Given the challenges of embedding research when government organisations are undergoing extensive structural change, the team in Nepal used tactics of leveraging support of others e.g. WHO and sub-recipients of Global Fund (GFATM) and seizing opportunities to engage with NTP technical working groups. These efforts were realised when the independent team evaluating NTP recommended greater integration of tobacco cessation within the TB programme, resulting in the inclusion of indicators on tobacco-use and advice within national reporting forms and training for cessation support added to NTP routine training.
In Bangladesh, the team engaged closely with key government stakeholders in the Tobacco Control Cell and the Noncommunicable Diseases Control (NCDC) department as well as the National TB Programme to stimulate engagement with the project. Engaging with, and facilitating communication between, these national government departments was an important strategy for progressing scale-up and helped overcome challenges of relying on the support of one or two champions, particularly given the frequent change of TB programme officials, including NTP directors. There are some indications that these approaches acted as a catalyst for scale-up as the NCDC department used their own resources to print the intervention leaflet and disseminate it nationally.

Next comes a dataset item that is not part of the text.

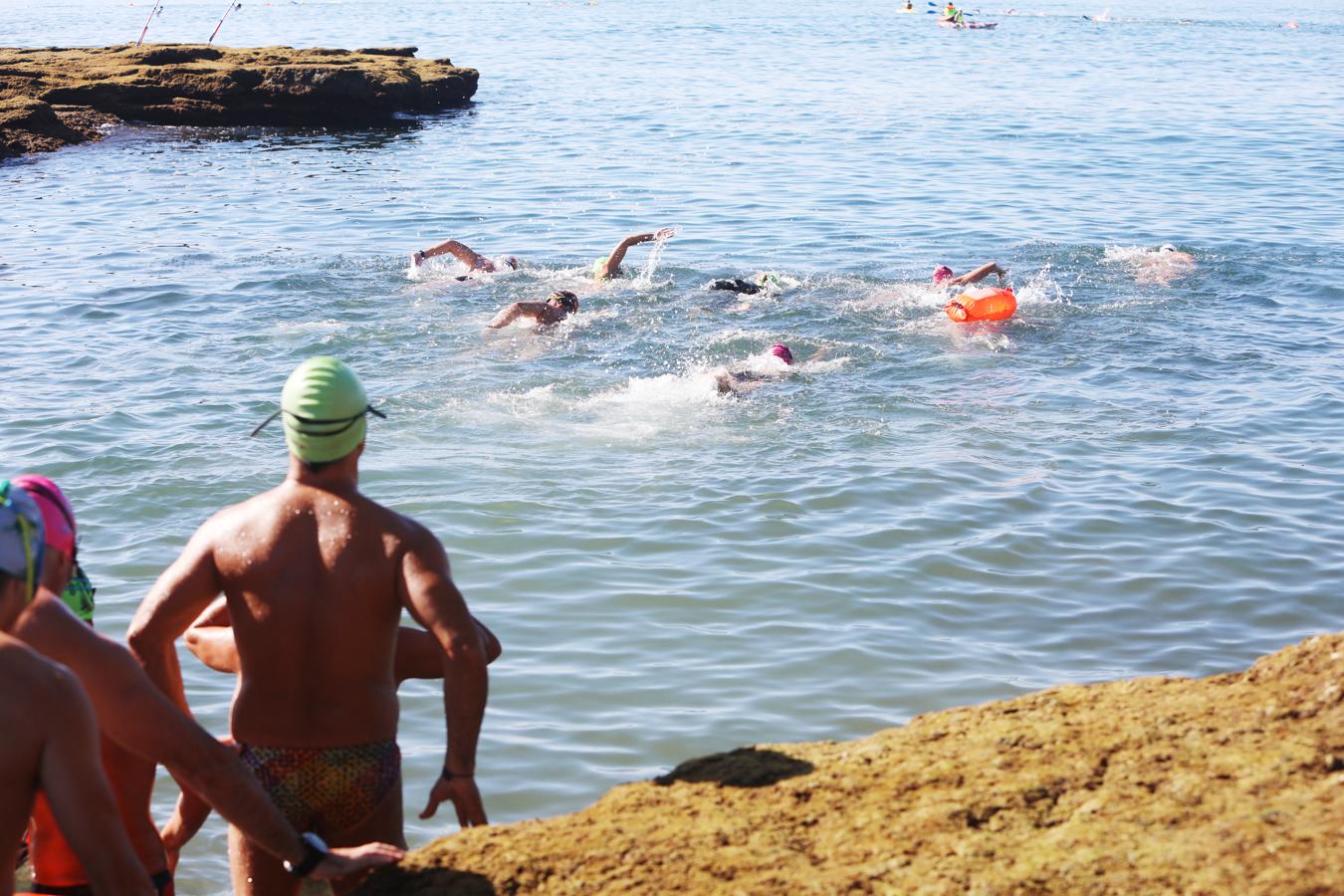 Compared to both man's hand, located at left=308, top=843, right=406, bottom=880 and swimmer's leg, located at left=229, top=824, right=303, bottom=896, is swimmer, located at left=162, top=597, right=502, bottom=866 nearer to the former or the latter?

However, the pluralism of providers and the multiple donor-funded vertical programmes within Bangladesh’s health sector were a further barrier to progressing scale-up:
“What is needed is coordinated efforts from everyone. The major obstacle is non-coordination of the operational plans and among DPs [development partners]. We have so many vertical programmes without any coordination. Leadership is another problem. Change in staff within different units every six months to a year slows down the progress of the work” (BD8: Female, senior manager, national TB programme, Bangladesh).
Embedding the research within the three countries required significant flexibility and opportunism to tailor tactics to the complex health systems with multiple providers and donors, frequently changing personnel and organisational structures.
Estimated Costs
The estimated costs over the six-month implementation within the learning sites in each country, including costs per patient are shown in table 7.
Per-patient programme costs were 0.5 USD in Bangladesh, 2.8 USD in Nepal and 1.5 USD in Pakistan. While the costs of intervention delivery would increase with the number of patients treated, the training costs include the costs of training the trainers which can be considered as a one-off cost, hence the average costs per patient could potentially be reduced over time. These costs were shared with TB programme decision-makers in policy-briefs and as part of a series of workshops to facilitate further planning for scale-up.